**SUPPLIED INFORMATION:**
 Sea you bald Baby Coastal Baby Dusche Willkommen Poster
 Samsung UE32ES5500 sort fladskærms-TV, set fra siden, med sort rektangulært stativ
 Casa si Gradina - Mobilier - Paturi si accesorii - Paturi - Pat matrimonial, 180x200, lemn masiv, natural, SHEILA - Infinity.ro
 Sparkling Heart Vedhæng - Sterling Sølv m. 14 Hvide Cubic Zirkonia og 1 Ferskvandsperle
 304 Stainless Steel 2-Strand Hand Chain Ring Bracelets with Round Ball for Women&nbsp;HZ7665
...
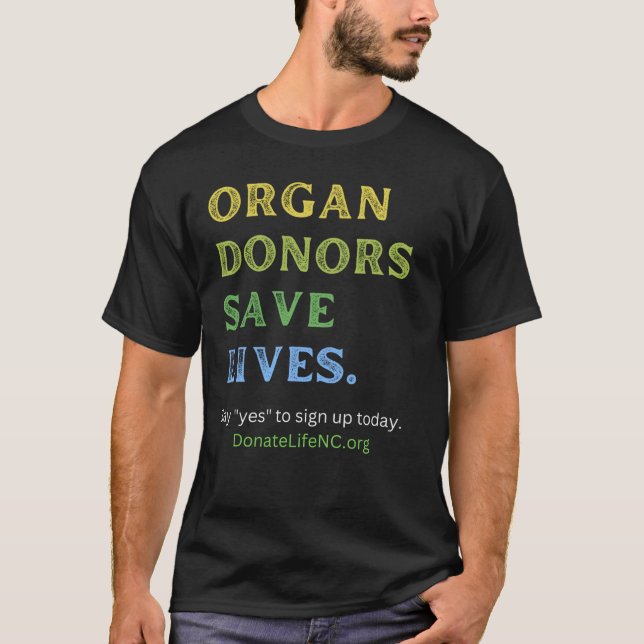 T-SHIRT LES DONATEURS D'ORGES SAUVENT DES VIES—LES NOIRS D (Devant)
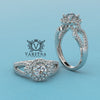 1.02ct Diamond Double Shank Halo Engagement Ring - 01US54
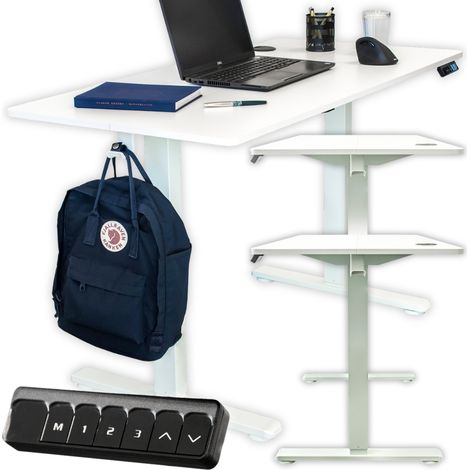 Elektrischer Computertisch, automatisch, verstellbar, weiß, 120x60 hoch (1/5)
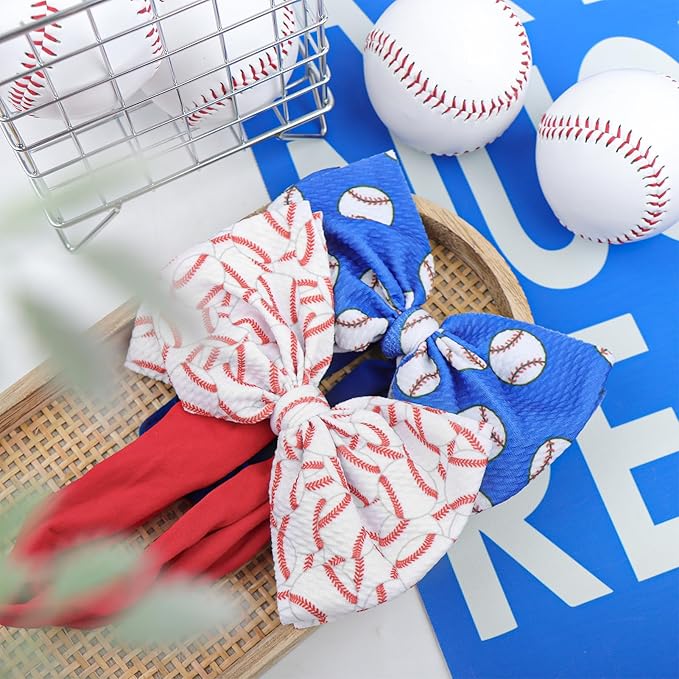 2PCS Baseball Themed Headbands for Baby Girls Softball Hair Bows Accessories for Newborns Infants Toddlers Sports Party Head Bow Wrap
--
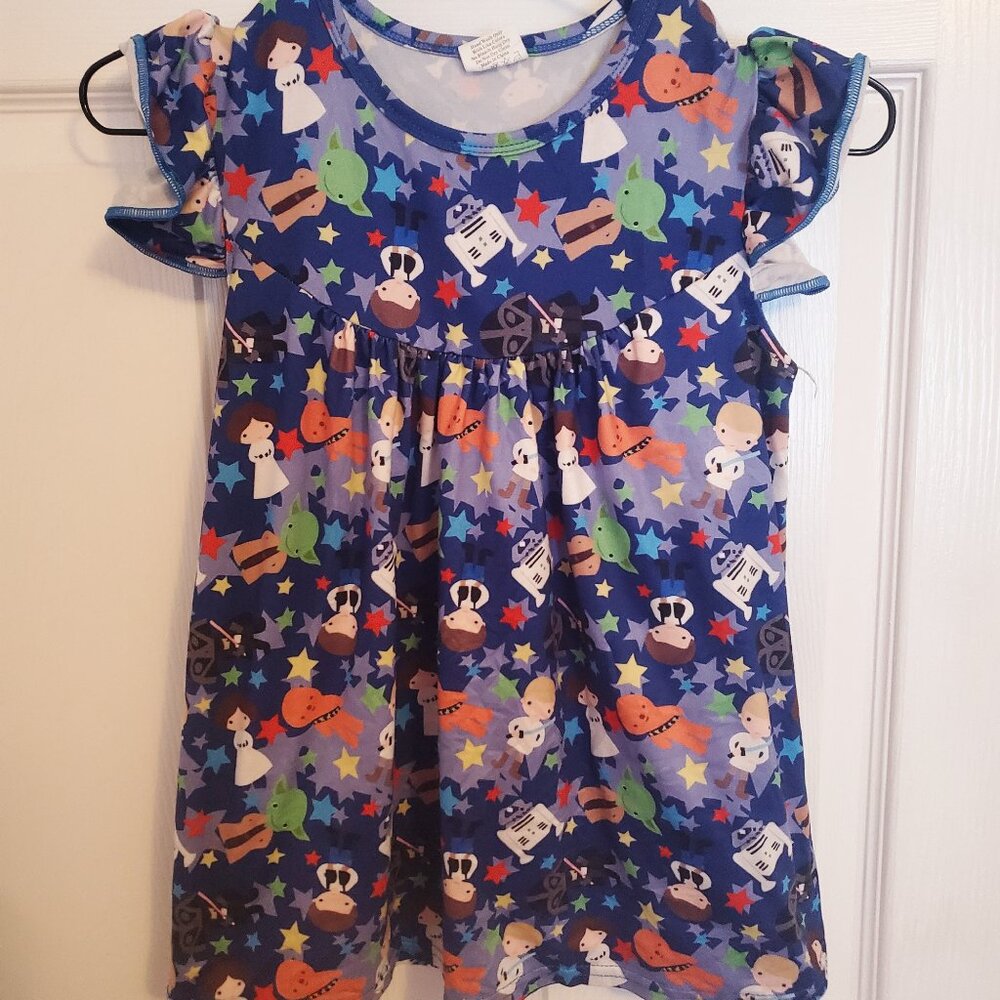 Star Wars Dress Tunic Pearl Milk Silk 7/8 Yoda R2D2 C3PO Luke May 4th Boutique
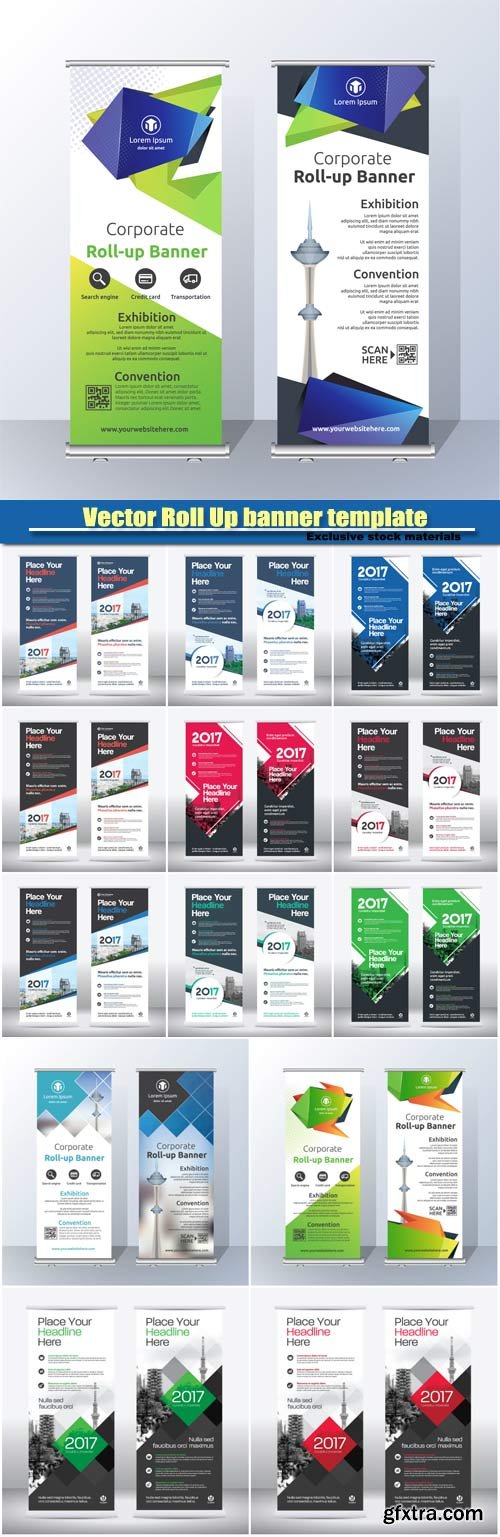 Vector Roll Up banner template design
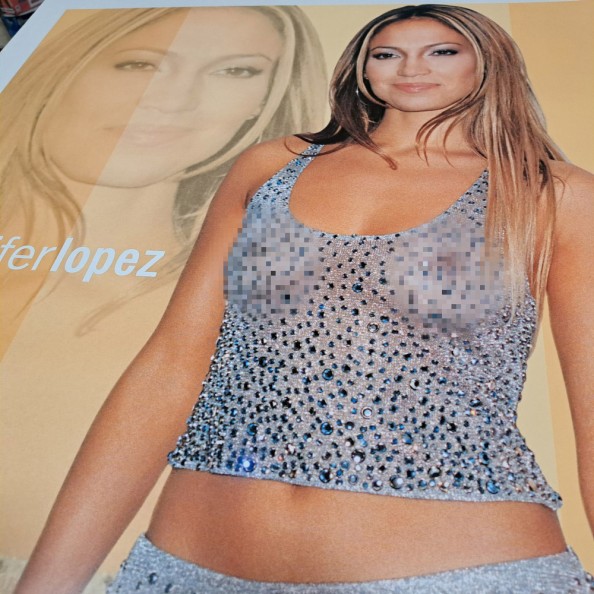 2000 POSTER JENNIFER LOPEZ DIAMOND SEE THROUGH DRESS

**PROBLEM TO SOLVE:**
Using the entries above, extract exactly the lines from the one that contains "T-SHIRT LES DONATEURS" through the one that contains "2PCS Baseball Themed". Do not carry over any pictures.

**RESULT FOR THIS TASK:**
 T-SHIRT LES DONATEURS D'ORGES SAUVENT DES VIES—LES NOIRS D (Devant)
 1.02ct Diamond Double Shank Halo Engagement Ring - 01US54
 Elektrischer Computertisch, automatisch, verstellbar, weiß, 120x60 hoch (1/5)
 2PCS Baseball Themed Headbands for Baby Girls Softball Hair Bows Accessories for Newborns Infants Toddlers Sports Party Head Bow Wrap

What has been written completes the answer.